» How to complete this task
Return every line from the records below with the string "vidaXL".

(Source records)
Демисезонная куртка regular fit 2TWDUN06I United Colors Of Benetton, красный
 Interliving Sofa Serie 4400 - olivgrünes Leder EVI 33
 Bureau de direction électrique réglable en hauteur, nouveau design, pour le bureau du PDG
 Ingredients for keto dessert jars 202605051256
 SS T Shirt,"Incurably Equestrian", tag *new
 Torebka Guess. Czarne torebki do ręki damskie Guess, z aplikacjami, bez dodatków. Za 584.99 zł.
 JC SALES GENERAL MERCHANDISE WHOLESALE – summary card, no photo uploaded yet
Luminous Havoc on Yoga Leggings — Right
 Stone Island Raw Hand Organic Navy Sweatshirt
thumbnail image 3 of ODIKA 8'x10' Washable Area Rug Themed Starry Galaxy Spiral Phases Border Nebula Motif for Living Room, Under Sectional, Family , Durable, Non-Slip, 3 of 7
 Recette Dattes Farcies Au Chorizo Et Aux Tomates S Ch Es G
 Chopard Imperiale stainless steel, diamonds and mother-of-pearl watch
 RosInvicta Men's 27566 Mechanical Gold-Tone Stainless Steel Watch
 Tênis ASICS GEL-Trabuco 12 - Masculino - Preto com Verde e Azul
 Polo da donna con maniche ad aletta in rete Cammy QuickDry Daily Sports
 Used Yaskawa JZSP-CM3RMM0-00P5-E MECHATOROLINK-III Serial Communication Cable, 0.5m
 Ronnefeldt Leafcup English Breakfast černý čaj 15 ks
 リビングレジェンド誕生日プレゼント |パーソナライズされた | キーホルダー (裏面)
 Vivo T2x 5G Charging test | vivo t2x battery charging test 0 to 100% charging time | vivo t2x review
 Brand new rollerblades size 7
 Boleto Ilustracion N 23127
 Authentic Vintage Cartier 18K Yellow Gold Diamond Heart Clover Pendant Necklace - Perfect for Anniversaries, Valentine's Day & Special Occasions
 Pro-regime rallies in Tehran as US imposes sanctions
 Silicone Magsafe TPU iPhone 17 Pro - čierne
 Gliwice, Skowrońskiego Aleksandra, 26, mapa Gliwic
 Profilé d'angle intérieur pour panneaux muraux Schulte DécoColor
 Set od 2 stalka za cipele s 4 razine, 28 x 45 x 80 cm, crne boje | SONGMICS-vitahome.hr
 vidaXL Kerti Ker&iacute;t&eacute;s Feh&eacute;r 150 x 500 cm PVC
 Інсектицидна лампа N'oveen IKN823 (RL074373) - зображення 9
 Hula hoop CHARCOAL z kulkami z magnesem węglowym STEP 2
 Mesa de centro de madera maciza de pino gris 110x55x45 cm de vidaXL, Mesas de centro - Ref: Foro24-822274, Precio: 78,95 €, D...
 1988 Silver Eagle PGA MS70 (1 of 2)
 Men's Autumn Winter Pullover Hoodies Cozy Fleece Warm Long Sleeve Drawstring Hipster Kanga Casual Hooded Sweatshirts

» Task result
 vidaXL Kerti Ker&iacute;t&eacute;s Feh&eacute;r 150 x 500 cm PVC
 Mesa de centro de madera maciza de pino gris 110x55x45 cm de vidaXL, Mesas de centro - Ref: Foro24-822274, Precio: 78,95 €, D...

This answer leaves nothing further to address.